Suffering from a hangover and writing a post regarding cocktails seems quite apropos. The hangover in question, however, is not due to the above cocktails, but instead from a rather lowly bottle of wine! I love, love, love wine, but it kills me. So sad.
This lovely pink daiquiri is all fresh-squeezed and quite refreshing on a hot summer’s day. They can be easily blended with ice for frozen, or enjoyed on the rocks for faster consumption! The following recipe is for a pitcher, as not just one will do!
- 2 grapefruit, squeezed
- 2 limes, squeezed
- 1 cup water
- 1/2 cup sugar
- 2 cups white rum
- 1/2 cup triple sec or Cointreau
Directions: Mix all ingredients together and blend with ice, or serve on the rocks.
I have no idea what this fruit is! It came in the CSA box and was simply called, “melon.” One of the melons has a soft white flesh that is ridiculously juicy. The larger melon in the back is more like a crispy cantaloupe and both are very sweet. Since they’re so sweet and juicy, I am going to pretend like I am still living in Ecuador and juice them!
The first few weeks that I lived in Ecuador I would be greeted at the breakfast table by a pitcher of brightly colored juice that I could not always identify by taste. It was then that I learned about tomate de arbol, tamarindo, and maracuya. Every household with electricity has a blender where these fruits or others like papaya, cantaloupe, pineapple and watermelon were blended along with a little sugar. Some of the fruits like orange, lemon, lime and grapefruit were of course squeezed.

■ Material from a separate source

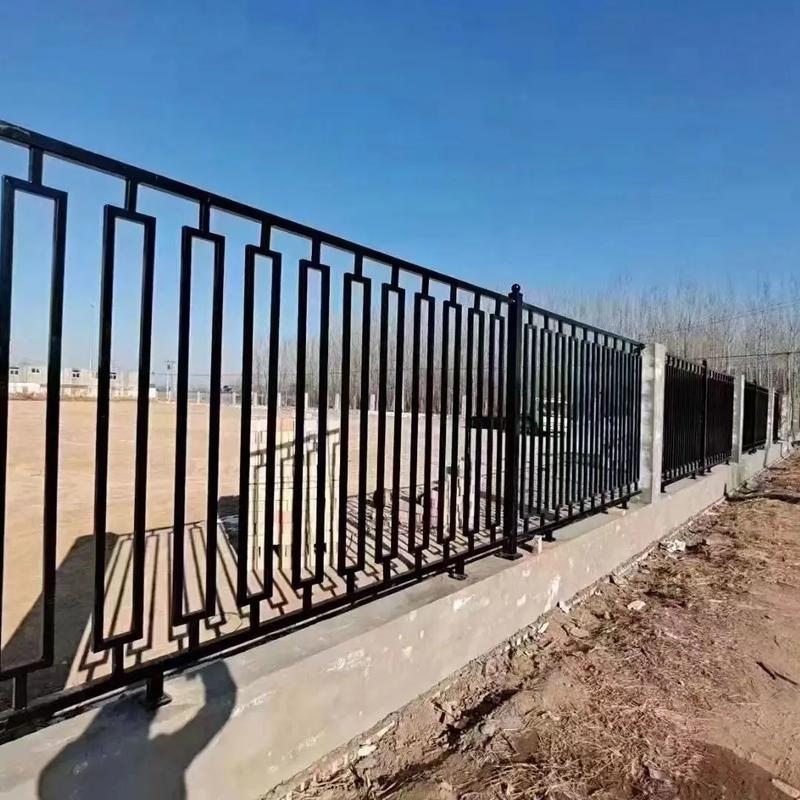 山东铁艺护栏生产商工厂实景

This juice recipe includes the fruit of three melons and three cukes. After peeling the fruits and removing the seeds, I ran the blender until the fruit was very fine, and then pressed it through a sieve. It’s a fairly thick juice, so if you prefer a little more liquid, add about two cups of water and mix it together. I also did not add sugar, as the melons were very sweet on their own.
I can close my eyes while I sip this juice and travel back to Ecuador 1991! Isn’t it amazing how food causes time travel?